╭─ Dataset entries
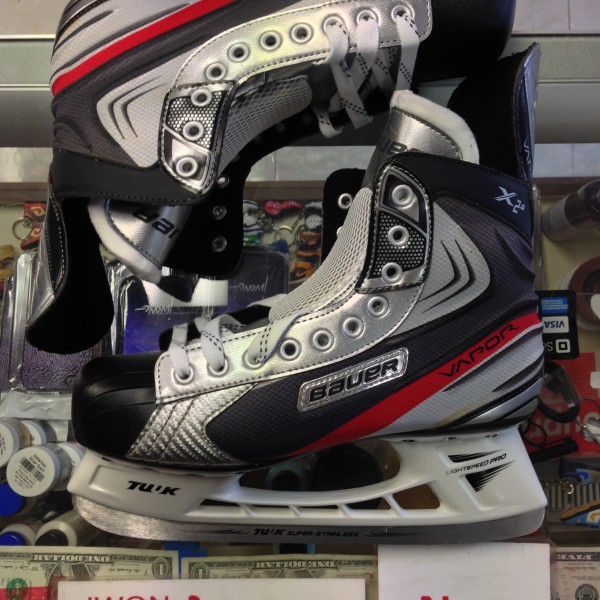 2010 Bauer Vapor 2.0 Ice Skate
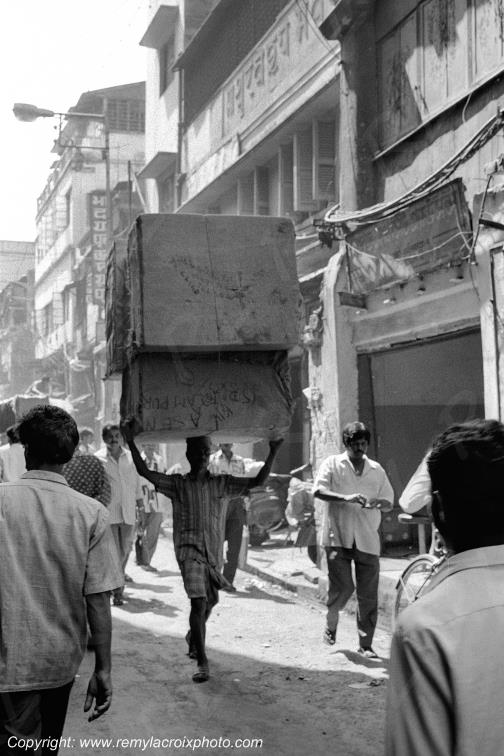 Calcutta Streets Rues de Calcutta Livreur Superman Bengale Inde India www.remylacroixphoto.com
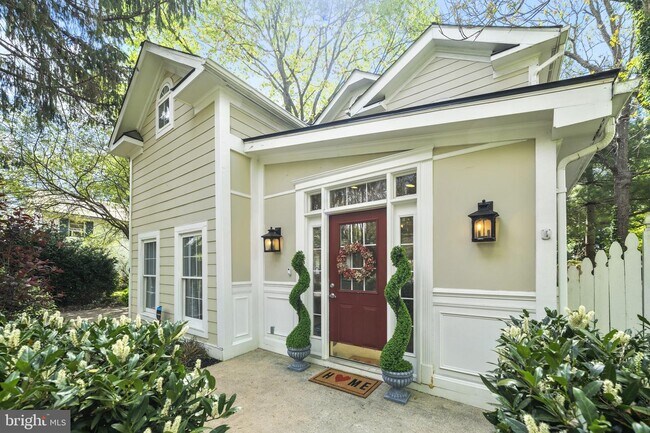 Building Photo - 4 High St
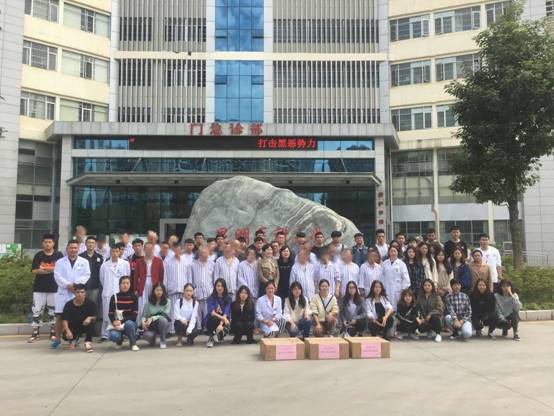 年復(fù)一年的愛，照進(jìn)了他們心中最珍貴的角落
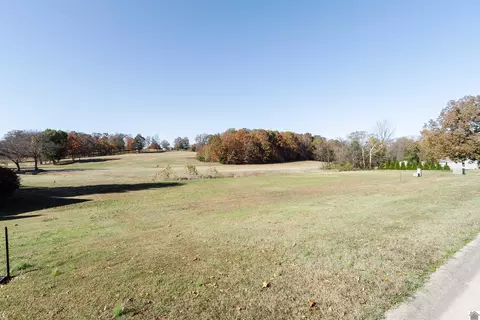 lot S 12 13 Fairway Dr, Benton, KY 42025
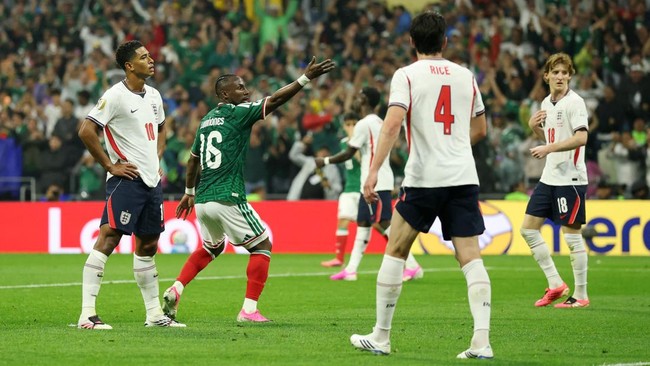 Soccer Football - FIFA World Cup 2026 - Round of 16 - Mexico v England - Estadio Azteca, Mexico City, Mexico - July 5, 2026 Mexico's Julian Quinones celebrates scoring their first goal REUTERS/Paul Childs
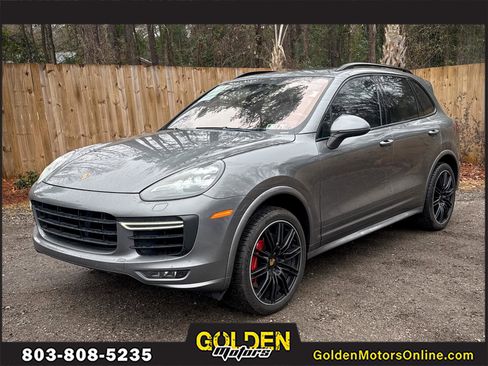 Used 2017 Porsche Cayenne Turbo image 1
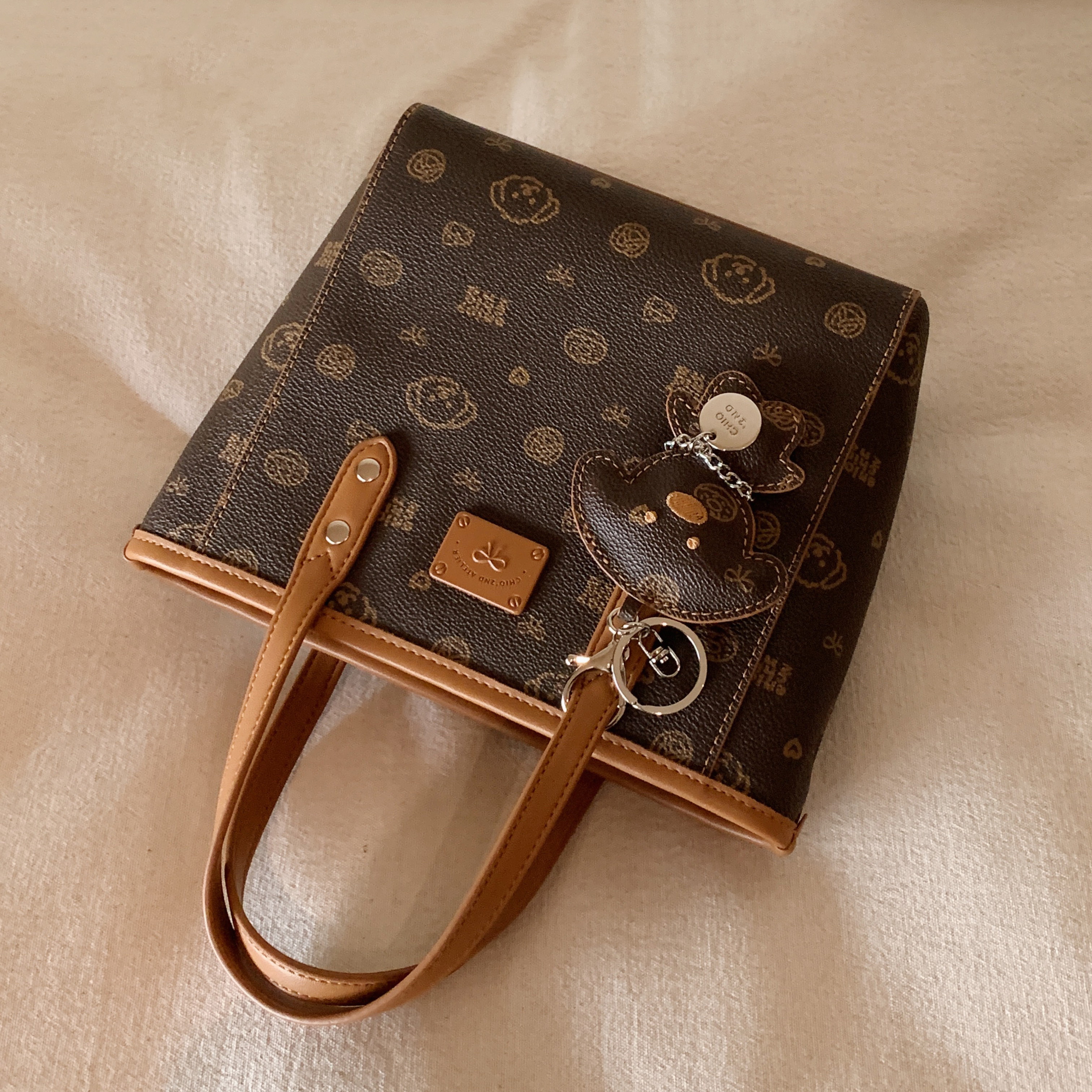 南风Chio2nd腋下面包小狗托特包包女款通勤包手提单肩斜挎包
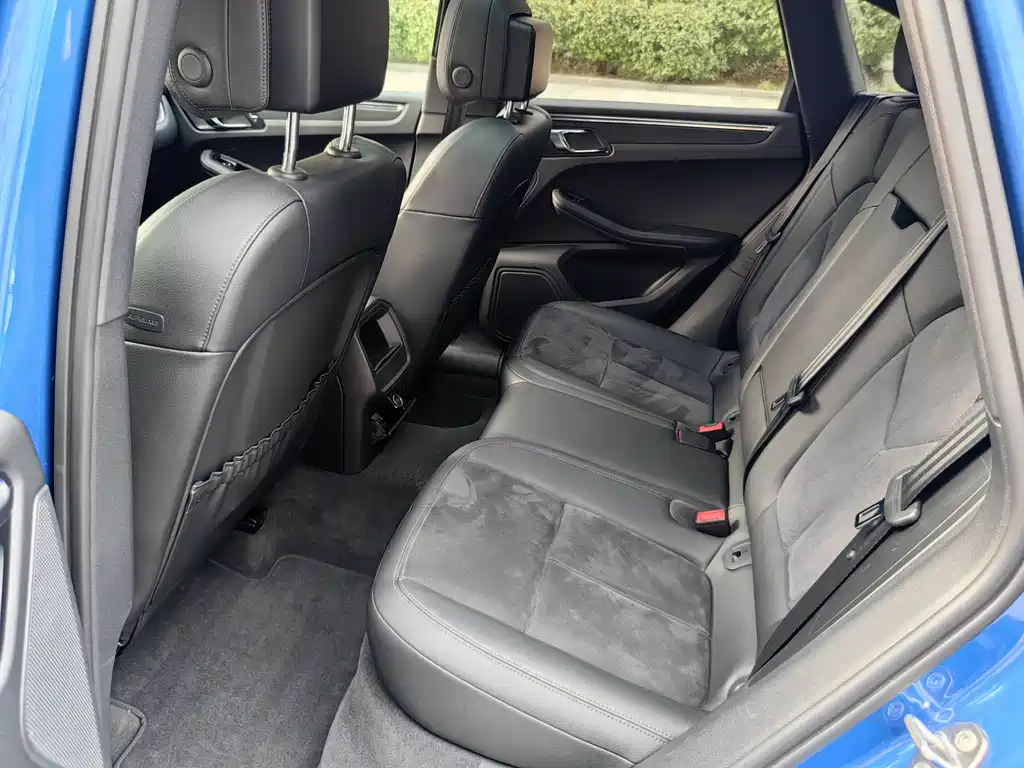 Porsche Macan 2015 — фото 17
╰─
▶ Work instruction:
Transcribe only the lines between the line containing "lot S 12 13 Fairway Dr, Benton, KY 42025" and the final line of the listing, inclusive, exactly as they appear; no pictures are to be included.

▶ Response area:
 lot S 12 13 Fairway Dr, Benton, KY 42025
 Soccer Football - FIFA World Cup 2026 - Round of 16 - Mexico v England - Estadio Azteca, Mexico City, Mexico - July 5, 2026 Mexico's Julian Quinones celebrates scoring their first goal REUTERS/Paul Childs
 Used 2017 Porsche Cayenne Turbo image 1
 南风Chio2nd腋下面包小狗托特包包女款通勤包手提单肩斜挎包
 Porsche Macan 2015 — фото 17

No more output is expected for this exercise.